David Ortiz wants a standing ovation at Yankee Stadium. Mark Teixeira wants to play five more years until he’s 40 with the Yankees. Now I’m just waiting for CC Sabathia to say he wants his contract extended to top off the unfathomable comments from the opening days of spring training. But even if Sabathia did announce he wants more than the two years and $50 million owed to him over the next two years, it wouldn’t be as ridiculous as Ortiz’s comments.
“You know what I want most of all?’ I would love it if the fans at Yankee Stadium gave me a standing ovation.’’
After first hearing this, I thought it was said in jest, that Ortiz said it with a big smile on his face and then burst out into laughter in the Red Sox’ clubhouse with his teammates also laughing and Dustin Pedroia high-fiving him for the joke. But he wasn’t kidding and it wasn’t said in a sarcastic or joking manner. David Ortiz truly wants a standing ovation from Yankees fans.
Since 2003, Ortiz has been the biggest Yankee killer. He might be the biggest ever. More so then George Brett or Ken Griffey Jr. or Bengie Molina or Delmon Young. He led the Red Sox’ offense in the 2004 ALCS to overcome a 3-0 deficit in that series (or so I have been told since I don’t remember that series ever happening) after trying to single-handedly win Game 7 against them in the ALCS the year before. He has gotten big hit after big hit against them for 13 years and has been the face of the Red Sox’ resurgence over that time, representing the franchise’s best era in nearly a century.
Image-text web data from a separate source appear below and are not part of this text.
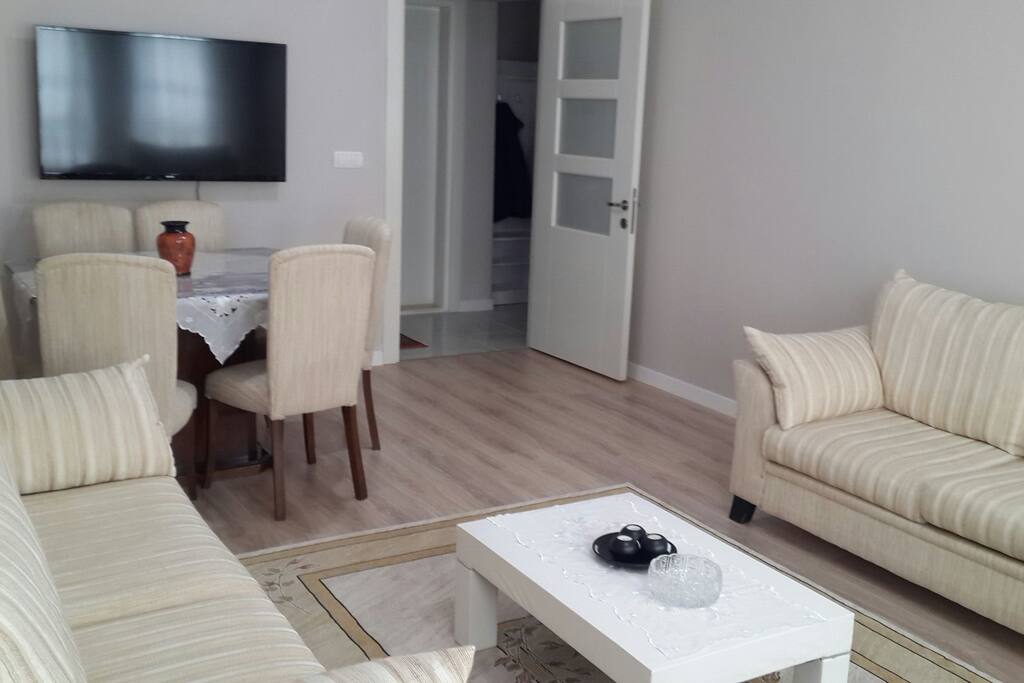 Salon 25mt Televizyon,koltuk takımı,kılima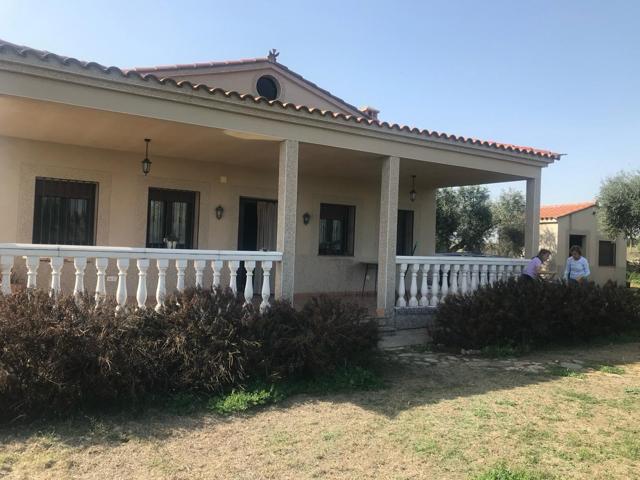 Se vende parcela en Aldea del Cano con casa incluida photo 0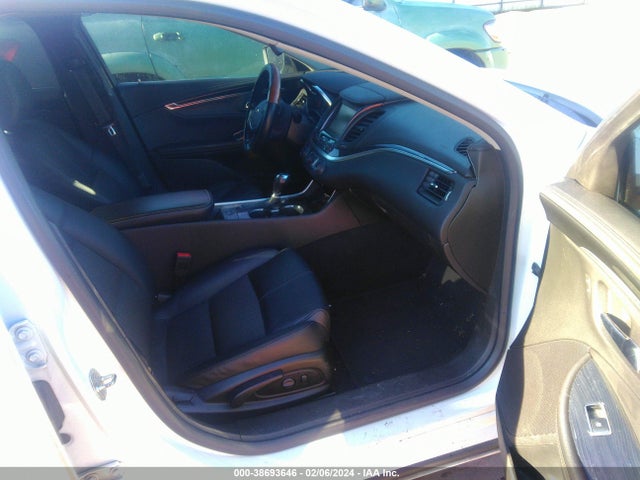 Chevrolet IMPALA 1LT 2018 2G1105S37J9158599 Image 5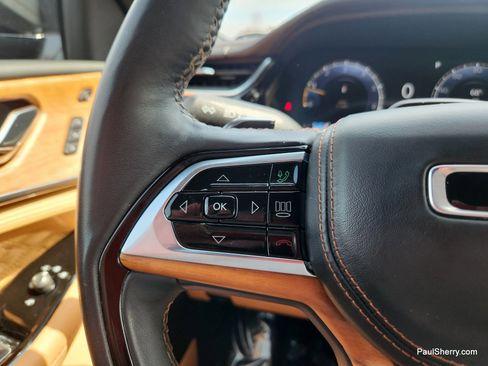 Used 2025 Jeep Grand Cherokee L Summit image 41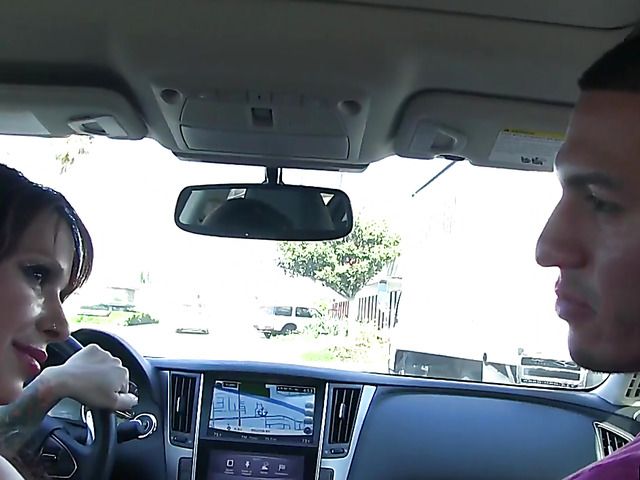 Horny MILF Alyssa Lynn with huge juggs gets a creampie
The idea that the Yankees should do for Ortiz in 2016 what the Red Sox did for Mariano Rivera in 2013 and Derek Jeter in 2014 — the two players Ortiz said he would never act like upon his own retirement by announcing it early — is an incredible line of thinking. Rivera, the best closer ever, and Jeter, a once-in-a-generation icon, represented the game with integrity, played the game clean and never put baseball in a negative light. They didn’t call the city they play in a “shithole” the way Ortiz once called Boston because he was playing for a losing team. They never bullied an official scorer over RBIs. They didn’t enter spring training for the better part of their careers complaining about their current contracts and demanding more money. And they never used performance-enhancing drugs.
David Ortiz used performance-enhancing drugs. He was on the 2003 list that was never supposed to surface the same way Alex Rodriguez was. He was forced to hold a press conference at Yankee Stadium in August 2009 to address the issue and at that conference he said, “I never thought buying supplements was going to hurt somebody’s feelings. If that happened, I’m sorry about it.” But for some reason, Ortiz’s checkered past and off-the-field issues haven’t follow him around, and Mike Francesa was right when he called Ortiz, “one of the great con men in sports.” I have never cared about performance-enhancing drug use in baseball, and I realize I’m in the minority, but if some PED users are going to be vilified for cheating then all of them should be, and Ortiz is one of them.
The Red Sox never should have held ceremonies or given gifts to Rivera and Jeter and their fans never should have given them a standing ovation in their final games at Fenway Park. They were wrong to start this line of honoring the other team’s stars and to damage the fading rivalry a little more. What’s next in the demolition of the rivalry? Fenway Park asking Yankees fans and Red Sox fans to join hands for the singing of “Sweet Caroline” during the eighth inning, so I can yell, “BUM! BUM! BUM!” with drunk college girls in pink and camouflage Red Sox hats that don’t know who Mo Vaughn is let alone Derek Lowe, Bill Mueller or Keith Foulke.
For nearly 20 years, Rivera and Jeter were booed every time they stepped on the field at Fenway, were the subject of T-shirts on Brookline Ave. that would horrify your grandparents, were the main characters in nightmares for Red Sox fans and were the most hated men in Boston. The difference between those two and Ortiz is that Rivera and Jeter were hated in Boston, but they were respected as players. The same can’t be said for Ortiz in New York.
I have hated David Ortiz (the baseball player for the Red Sox, not the man) for the last 13 years and I will hate David Ortiz (the baseball player for the Red Sox, not the man) for a 14th year this season. But while Ortiz has hurt the Yankees numerous times, both in the regular season and postseason, he has been the perfect Red Sox player to represent them against the Yankees and is now the last member of the 2000s era of the rivalry along with A-Rod. For that, I will miss his presence in this rivalry, which needs more players like Ortiz and A-Rod and less players like Pablo Sandoval and Chase Headley.
David Ortiz shouldn’t even want a standing ovation from Yankees fans. He should want his final moment in front of them to be like all the other moments before. Yankees fans hating and booing David Ortiz up until he takes his last step off the Yankee Stadium field is how he should be honored.